RECORDS SUPPLIED.
────────────────
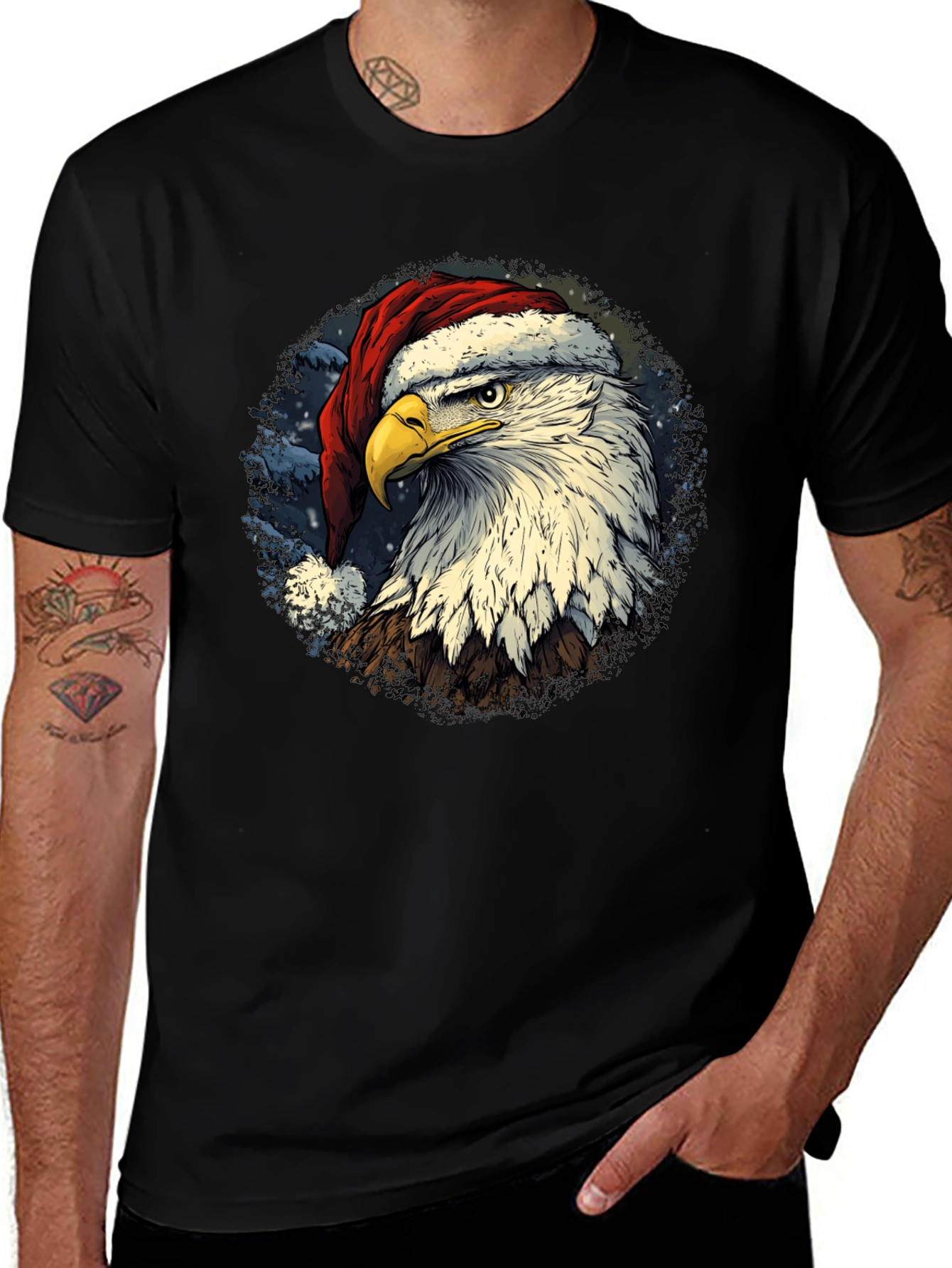 Eagle Santa Hat T-Shirt - Patriotic Christmas Tee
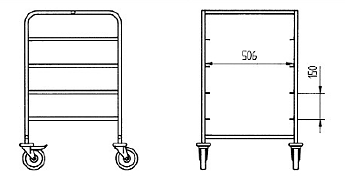 Korgvagn 9 korgar 50x50 cm Hallins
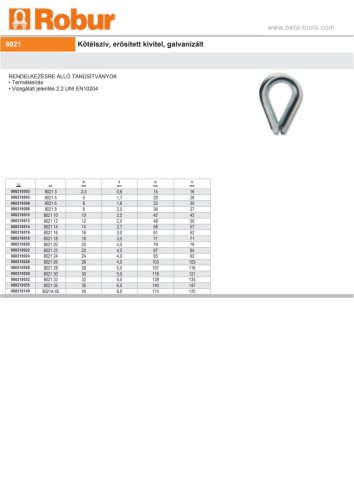 Beta 8021 Kötélszív, erősített kivitel, galvanizált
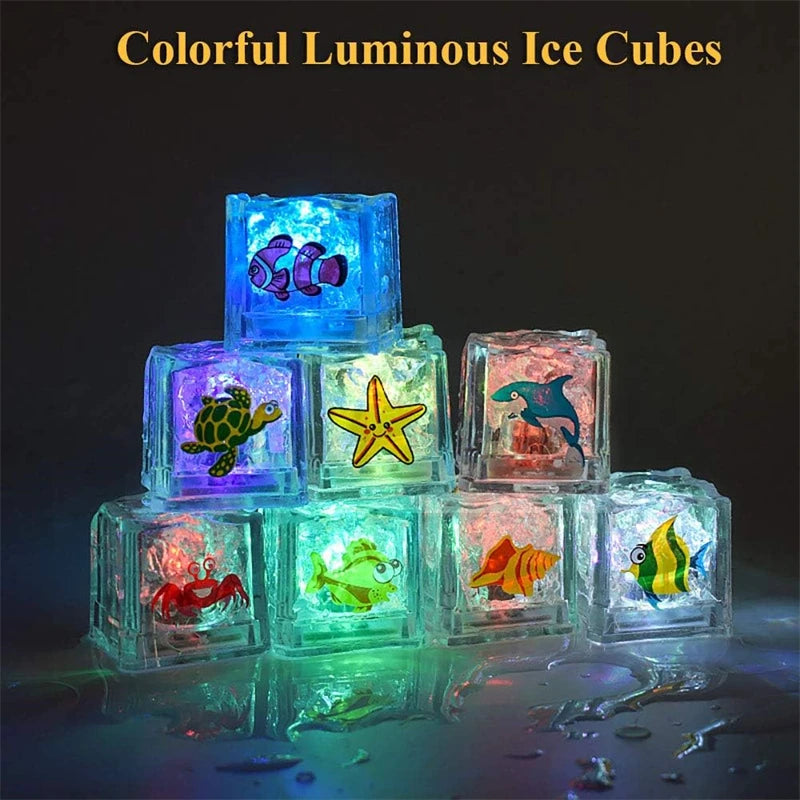 6/12PCS Kids Bath Toy Simulation Ice Cube Liquid Water Sensor Reusable Glowing Flashing Ice Cube for Bathtub, Swimming Pool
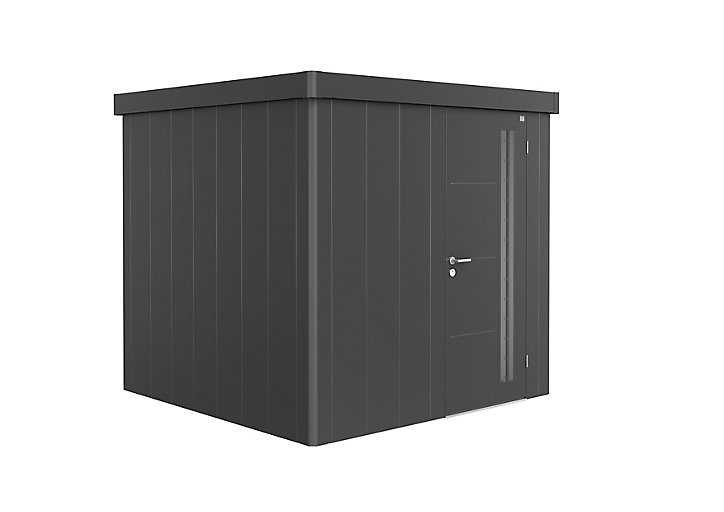 Abri de jardin simple porte Biohort Neo 2B en métal coloris gris quartz métallique ép.0,53 mm surface extérieure 4,8 m²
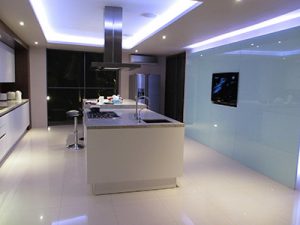 Kitchen with color LED dimmer lighting - scene 2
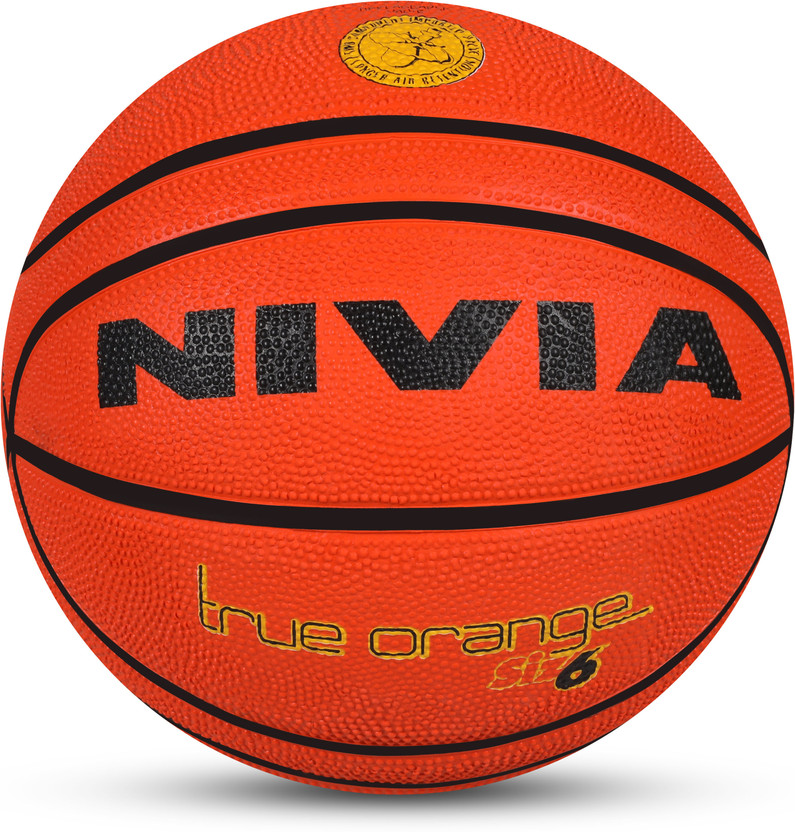 NIVIA True Orange, 14 Panels, Rubber Moulded, Training Ball, Ideal for all surfaces Basketball - Size: 6(Kids, Pack of 1, Orange)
────────────────
AIM OF THE EXERCISE. Return to the listing above and set it down exactly, leaving out its pictures.

SOLVED EXERCISE.
 Eagle Santa Hat T-Shirt - Patriotic Christmas Tee
 Korgvagn 9 korgar 50x50 cm Hallins
 Beta 8021 Kötélszív, erősített kivitel, galvanizált
 6/12PCS Kids Bath Toy Simulation Ice Cube Liquid Water Sensor Reusable Glowing Flashing Ice Cube for Bathtub, Swimming Pool
 Abri de jardin simple porte Biohort Neo 2B en métal coloris gris quartz métallique ép.0,53 mm surface extérieure 4,8 m²
 Kitchen with color LED dimmer lighting - scene 2
 NIVIA True Orange, 14 Panels, Rubber Moulded, Training Ball, Ideal for all surfaces Basketball - Size: 6(Kids, Pack of 1, Orange)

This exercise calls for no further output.